Ecco un disco per molti versi piacevolemente “spiazzante”. Un album che gioca con la geografia e lascia poche coordinate con cui orientarsi. Da Frascati al Giappone passando per la Siberia. Swords, nuovo album di Ralfe Band, è un viaggio (è in viaggio) e costringe l’ascoltatore a ricollocarsi tappa dopo tappa. Innanzitutto in virtù delle molteplici suggestioni che propone: country sgangherato, folk rurale e melodie est-europee. Sonorità che, per quanto sia abbastanza facile da riconoscere come “tradizionali”, in realtà risultano molto difficili da ricondurre all’unità di un’etichetta precisa. E già questo è senza dubbio un ottimo segno. In secondo luogo a spiazzare è Oly Ralfe stesso (animatore principale del progetto insieme a Andrew Mitchell) che attinge da tale panorama sonoro – tradizione americana ed est-europea – ma viene dall’Inghilterra.
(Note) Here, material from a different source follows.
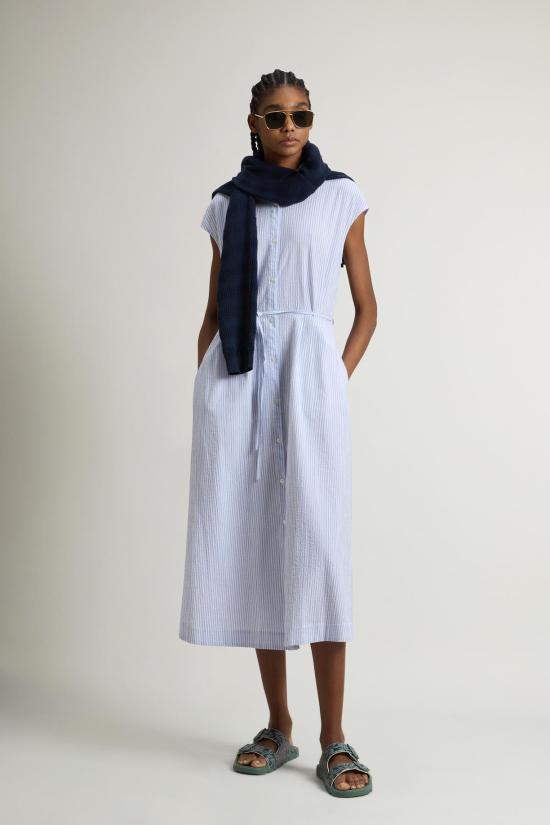 25SS 울리치 미디 원피스 CFWWDR0186FRUT4070 31010 Blue stripe - WOOLRICH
Onestamente non l’avrei detto ascoltando “Women Of Japan” o “1500 Years”, splendide e malinconiche folk songs che ricordano da vicino il Will Oldham più scanzonato (ma anche il Bill Callahan dei tempi migliori); così come non fanno certo pensare all’Inghilterra “Broken Teeth Song”, “Albatross Waltz” e “March Of The Palms”, brani che guardano a Est con violini e fisarmoniche in primo piano. Ma soprattutto ciò che è più spiazzante e straniante è la molteplicità di sentimenti contrastanti che Swords è in grado di suscitare: il riso, il sorriso e il pianto; gioia, serenità e rassegnazione. Il tutto in una centrifuga di suoni e colori che riconosciamo anche se non ci appartengono e che trascinano in luoghi lontani eppure stranamente familiari.
La Ralfe Band commuove nel senso etimologico del termine e sarebbe peccato grave non muoversi con lei.
Pubblica Talitres e distribuisce Wide.